Nei 100 e passa giorni del Governo della Destra non ci si fa mancare proprio nulla. Ci mancava solo la scuola differenziata, i professori divisi per area geografica e poi il quadro è completo. Su questo processo spacca Italia non si capisce, infatti, più nulla.

Ci mancava solo la scuola differenziata, i professori divisi per area geografica e poi il quadro è completo. Ma nei 100 e passa giorni del Governo della Destra non ci si fa mancare proprio nulla.

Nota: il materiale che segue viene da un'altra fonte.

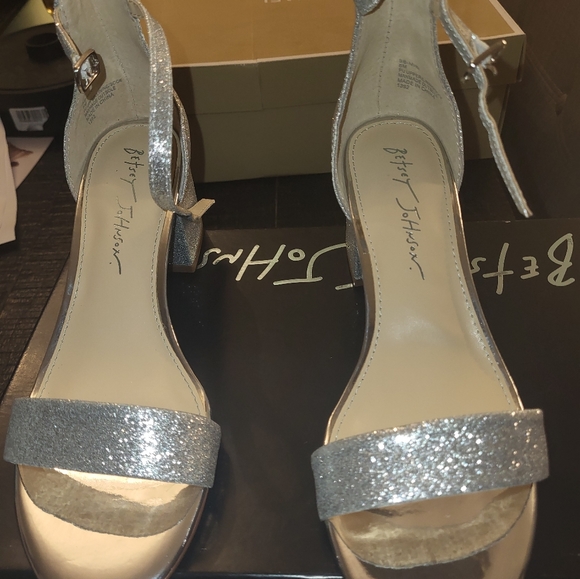 Shoes - Picture 2 of 3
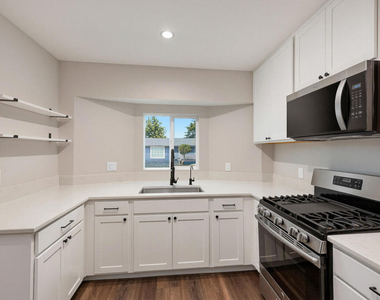 4419 Corliss Street - Photo Thumbnail 5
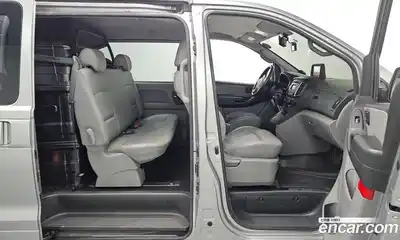 Hyundai Starex 2020 2.5 Автомат в Москве № 112400, миниатюра 8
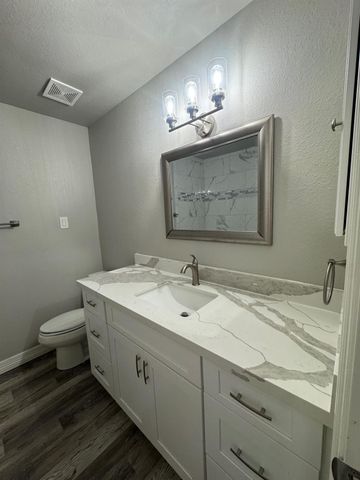 418 Garland Drive 244, Lake Jackson, TX 77566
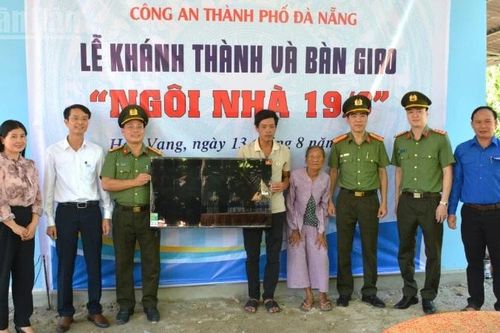 Tuổi trẻ Công an Đà Nẵng tặng 'Ngôi nhà 19/8' cho gia đình chính sách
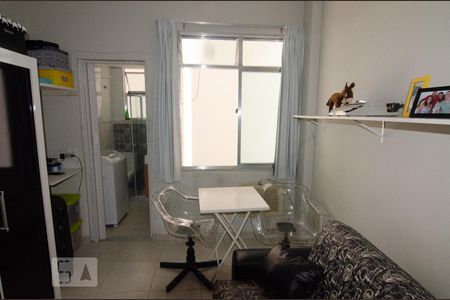 Sala/Quarto de kitnet/studio à venda com 1 quarto, 19m² em Centro, Rio de Janeiro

Su questo processo spacca Italia non si capisce, infatti, più nulla: cioè se si farà entro il 2023 per davvero come dicono Lega e la Meloni, se Forza Italia frena o fa solo finte; se il PD che sarà (quello di Bonaccini o della Schlein o di Cuperlo o della De Micheli?) ha una linea chiara o come al solito si annaca? Una gran confusione, insomma, ma resta il merito del progetto su cui il presidente della Repubblica Mattarella si sta esprimendo da mesi senza mai citarlo per richiamare una cosa sola fondamentale: salvare l’unità dell’Italia.

E, invece, non ci siamo proprio, se guardiamo al punto di partenza che dovrebbe essere quello della diseguaglianza che, però, viene fatta passare inopinatamente per essere equa, che sia cioè giusto trattare inegualmente chi si trova in difficoltà, soprattutto se non è stato capace di raggiungere gli stessi traguardi di chi sta meglio.

Questa è in soldoni la logica dell’“autonomia differenziata” o “regionalismo differenziato”. La Lega ne fa un cavallo di battaglia. Il Pd non è per nulla chiaro. Le regioni del centro-nord, non importa se a guida leghista o democratica, condividono questa logica. Non ci si faccia ingannare dai “distinguo” di alcuni candidati in corsa per la segreteria del Pd.

Vediamo di capire la logica della diseguaglianza funzionale, applicata alle regioni. Ha scritto Nadia Urbinati: ‘’si tratta di un criterio che fa del merito il principio di redistribuzione (una blasfemia per chi crede nella giustizia sociale): ciascuno sta laddove merita di stare e le buone regole sono quelle che si accordano a questo principio; se l’attore non riesce entra in azione, finanze permettendo, lo Stato’’.

Per alcuni candidati Pd, da questa politica del sussidio devono essere tenute fuori quelle cose strettamente necessarie alla vita della nazione: scuola dell’obbligo (ma non necessariamente buona per tutti e dovunque) e sanità (minima assistenza, non necessariamente la copertura di tutte le necessità).

Il minimo per vivere può essere oggetto dello Stato.  Il resto è lasciato al potere attuativo degli attori regionali. La proposta di regionalismo differenziato rientra in questa logica della diseguaglianza funzionale.

Essa dice questo: le regioni del centro-nord producono la maggior parte della ricchezza nazionale; devono poter trasferire allo Stato non in rapporto a quel che ad esso serve per tenere in piedi una politica di perequazione tra tutte le parti del territorio della Repubblica

Le regioni ricche hanno l’esigenza di preservare i loro livelli di vita e devono poter disporre di più risorse in proporzione. Più sono forti e più si rafforzano, all’opposto delle altre. In parte questo sta già avvenendo: la sanità è un bene pubblico (per i cittadini della regione) ma diventa un bene di consumo per le altre regioni se i loro cittadini hanno bisogno di accedervi.

La politica del regionalismo differenziato è dunque fatalmente destinata a produrre progressivamente più diseguaglianza, e comunque a non appianare le diseguaglianze: essa renderà le regioni del centro-sud clienti dei servizi prodotti al centro-nord perché avranno sempre meno risorse necessarie a riqualificare i loro servizi.

Il regionalismo differenziato è un affare lucrativo che genera diseguaglianza. È l’opposto di quanto prescrive l’articolo 3 della Costituzione. I candidati del PD saranno corresponsabili di questa torsione inegualitaria, si chiede Urbinati? Abbiamo seri dubbi se pensiamo che tre su quattro vengono da quella ricca e operosa Emilia e l’altro da Trieste e che tutti e quattro hanno ottenuto solidi rapporti in potentati meridionali del PD che non è ben chiaro a cosa mirino. Bisognerebbe chiederlo a De Luca o ad Emiliano sodali di Bonaccini in questa corsa ma sull’argomento glissano.